**Try it**
In the data below, find the line containing "Debbie McDowells foto"; transcribe it and each line after it exactly, through the last, skipping pictures.

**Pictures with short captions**
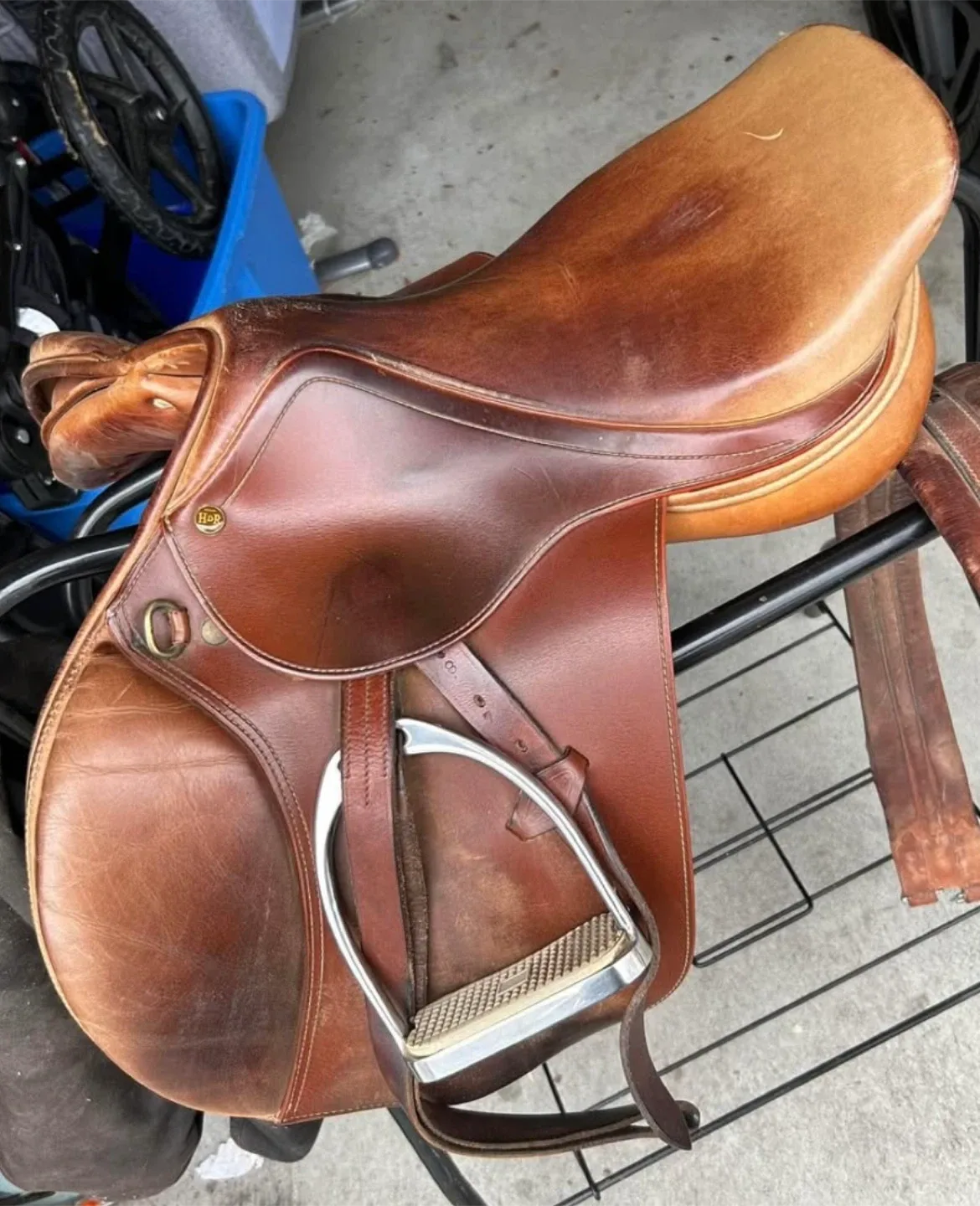 Henri de Rivel Leather Saddle image indicator(3)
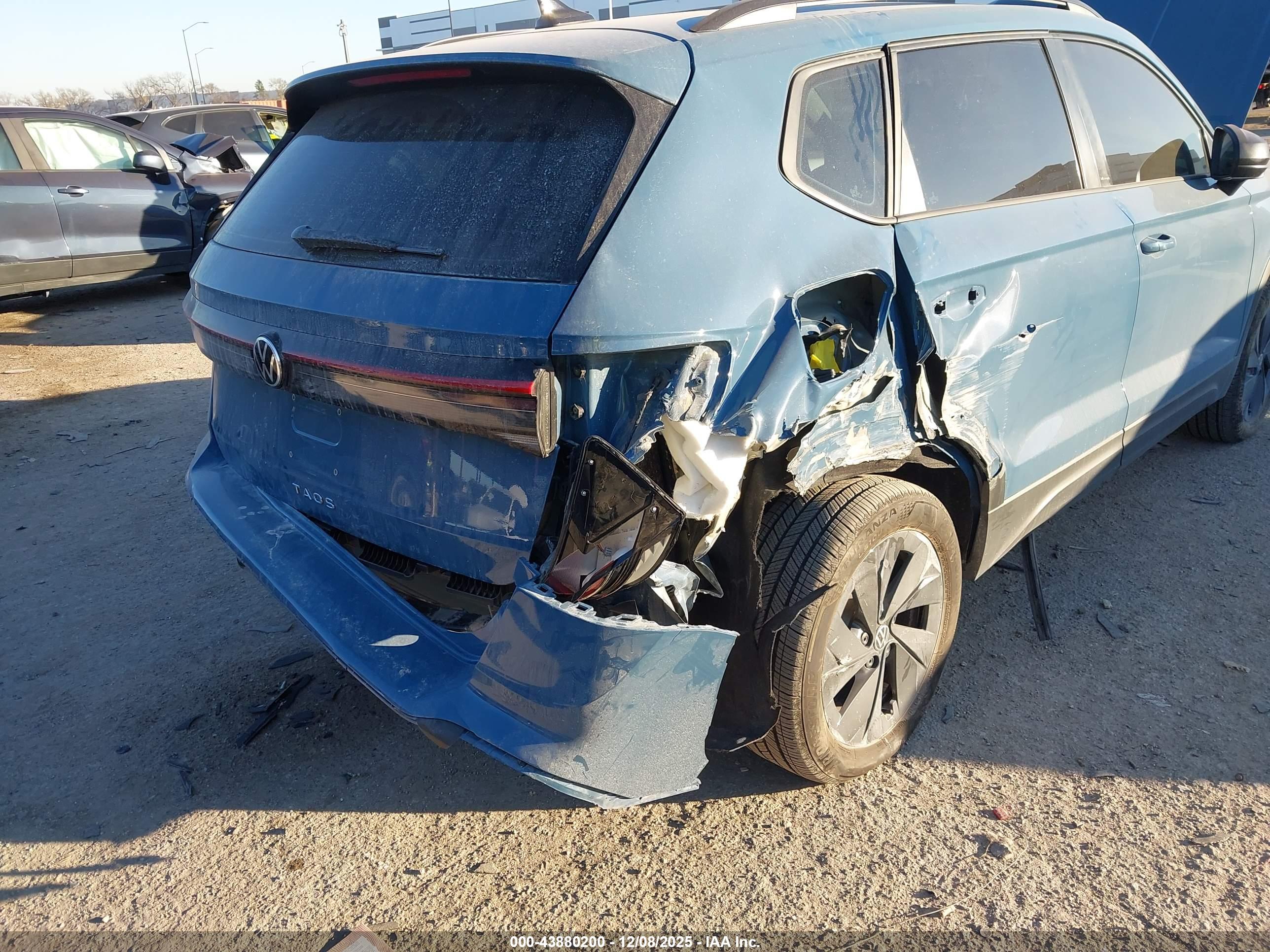 VOLKSWAGEN TAOS image 6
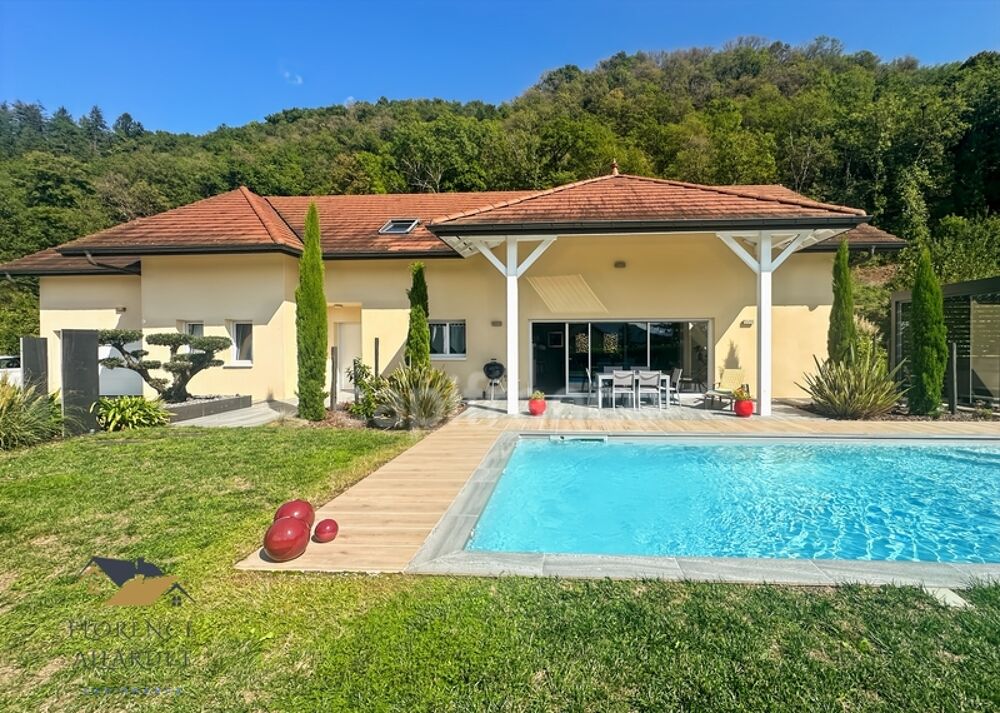 VILLA CONTEMPORAINE ENTRE ANNECY, GENÈVE ET AIX-LES-BAINS  VOLUMES DEXCEPTION & ESPRIT RESORT PRIVÉ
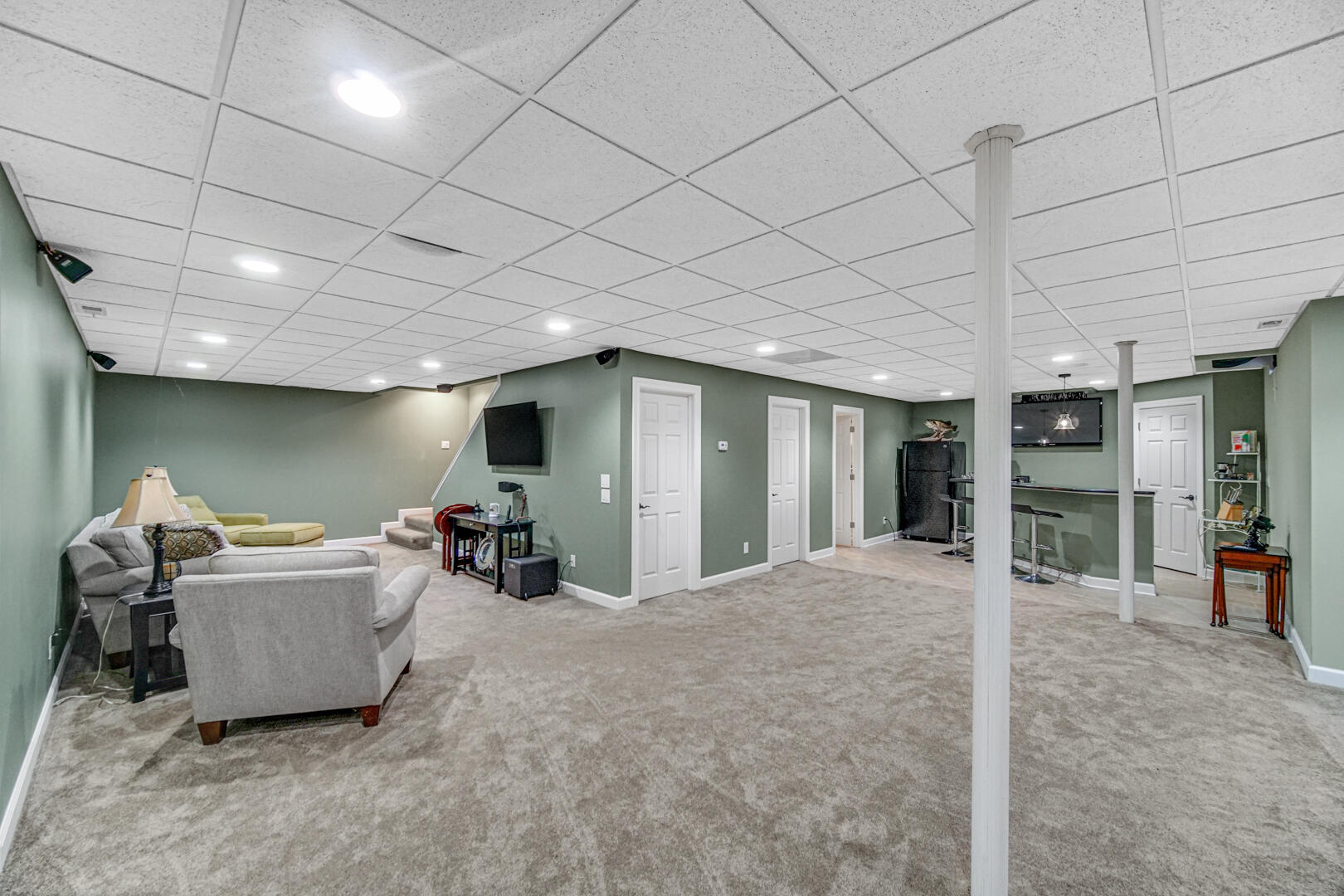 491 West Division Road Valparaiso, IN 46385 - Photo 32 of 38 a living room with furniture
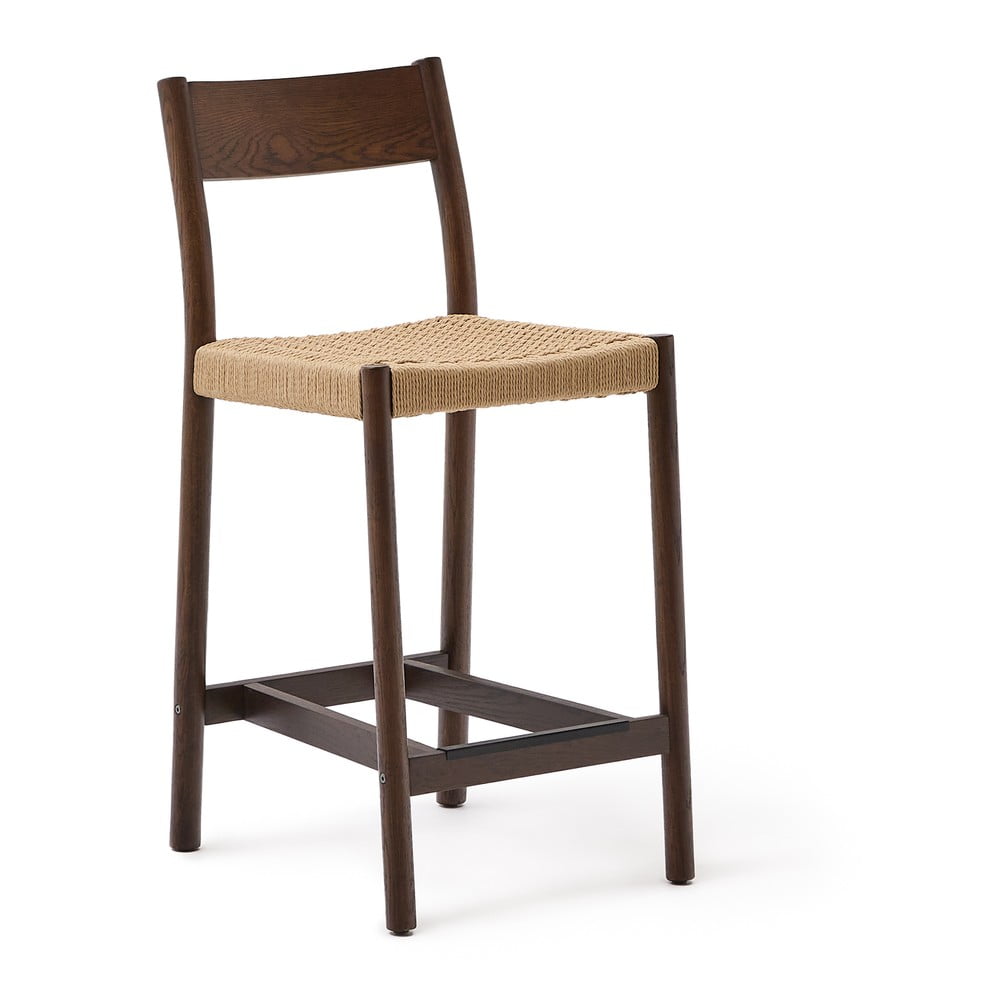 Hnedá/v prírodnej farbe barová stolička z dubového dreva (výška sedadla 65 cm) Yalia – Kave Home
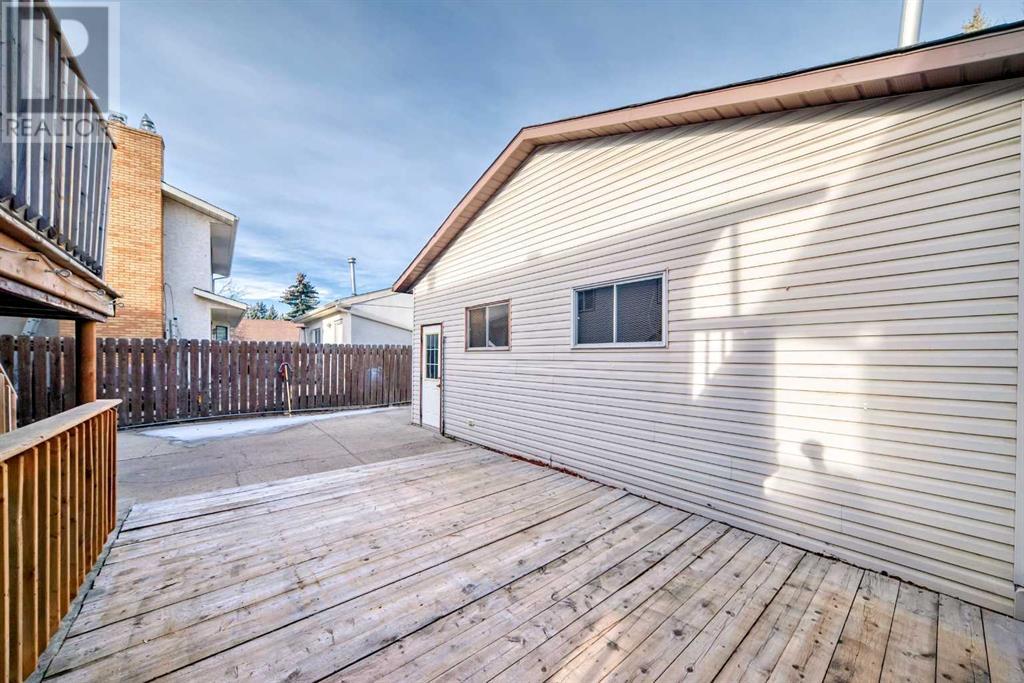 Single Family House 4 Level for Sale in  Templeton Circle NE Temple Calgary 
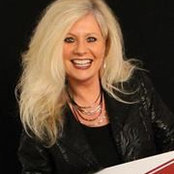 Debbie McDowells foto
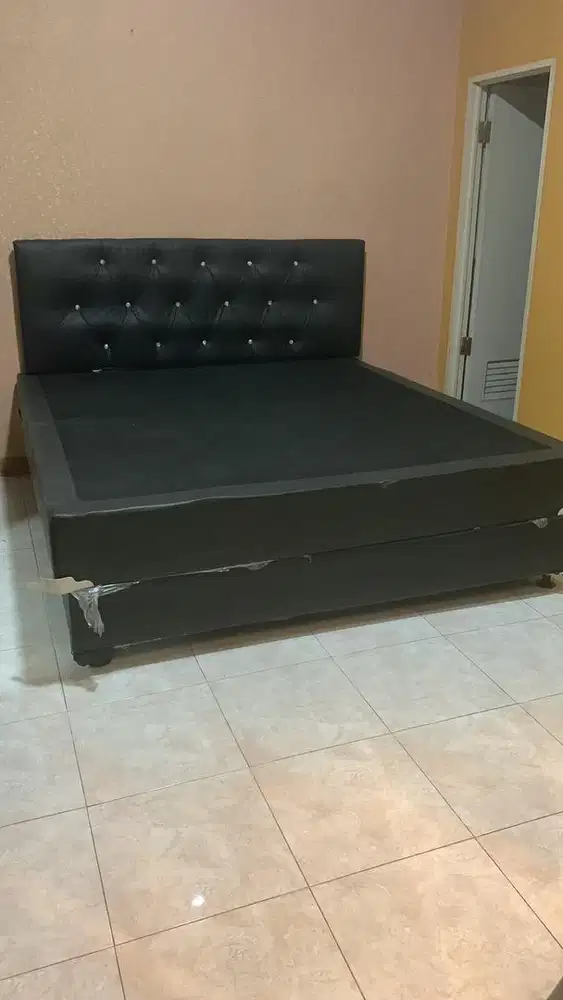 Jual Dipan/ tempat tidur informa
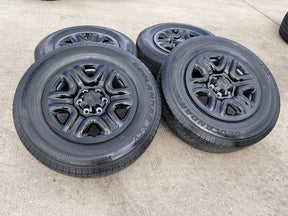 18" Toyota Tundra TSS TRD OEM 99083 75275 wheels rims Sequoia LX600 2025 2026 Texas Truck Tire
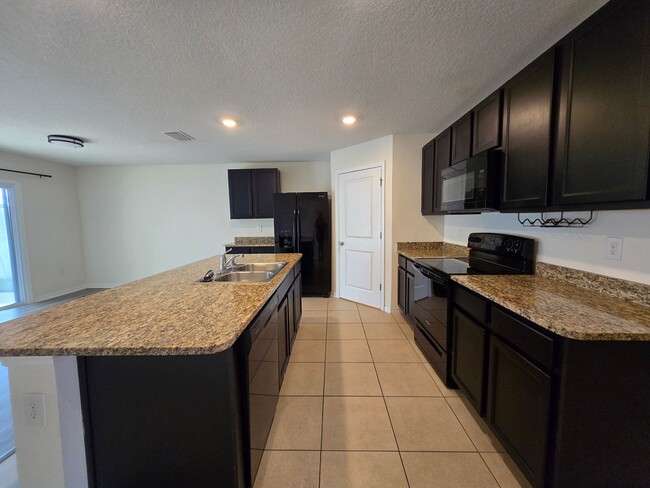 Building Photo - 4  bedroom 2 bath Home for Rent  in the He...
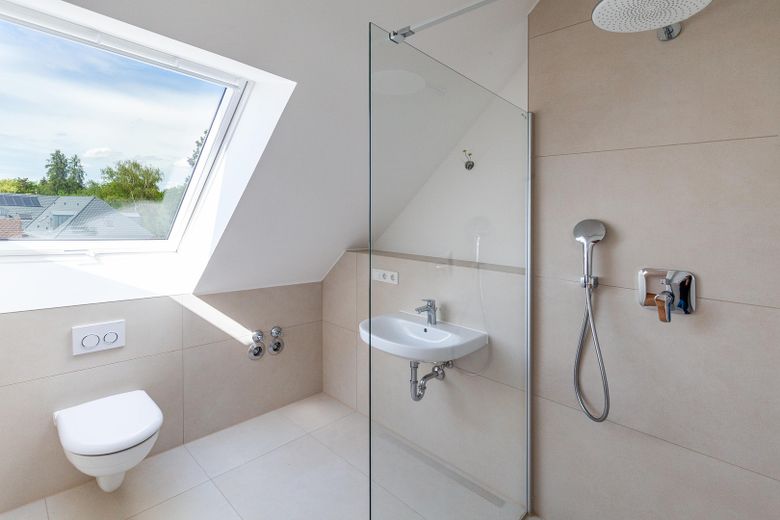 PROVISIONSFREI – Traumhafte Galerie-Wohnung im Erstbezug am Dorfplatz von Augsburg-Inningen – Badezimmer OG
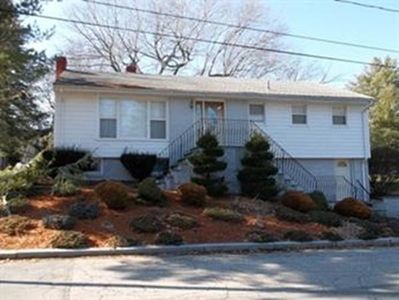 358 Hyacinth St, Fall River, MA, 02720
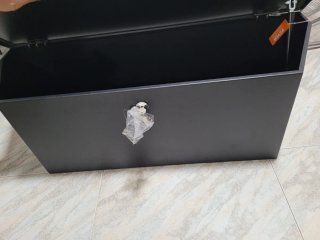 Caja metálica Vector negra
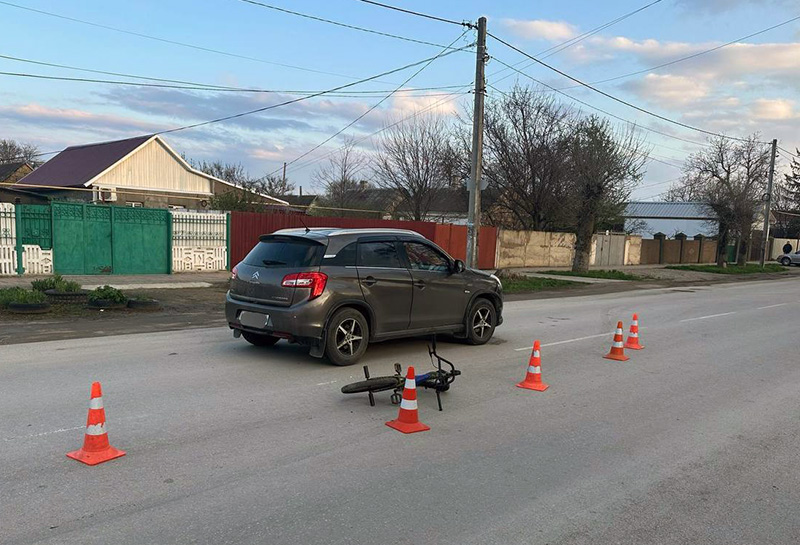 В Крыму в ДТП пострадал несовершеннолетний велосипедист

**Answer to this task**
 Debbie McDowells foto
 Jual Dipan/ tempat tidur informa
 18" Toyota Tundra TSS TRD OEM 99083 75275 wheels rims Sequoia LX600 2025 2026 Texas Truck Tire
 Building Photo - 4  bedroom 2 bath Home for Rent  in the He...
 PROVISIONSFREI – Traumhafte Galerie-Wohnung im Erstbezug am Dorfplatz von Augsburg-Inningen – Badezimmer OG
 358 Hyacinth St, Fall River, MA, 02720
 Caja metálica Vector negra
 В Крыму в ДТП пострадал несовершеннолетний велосипедист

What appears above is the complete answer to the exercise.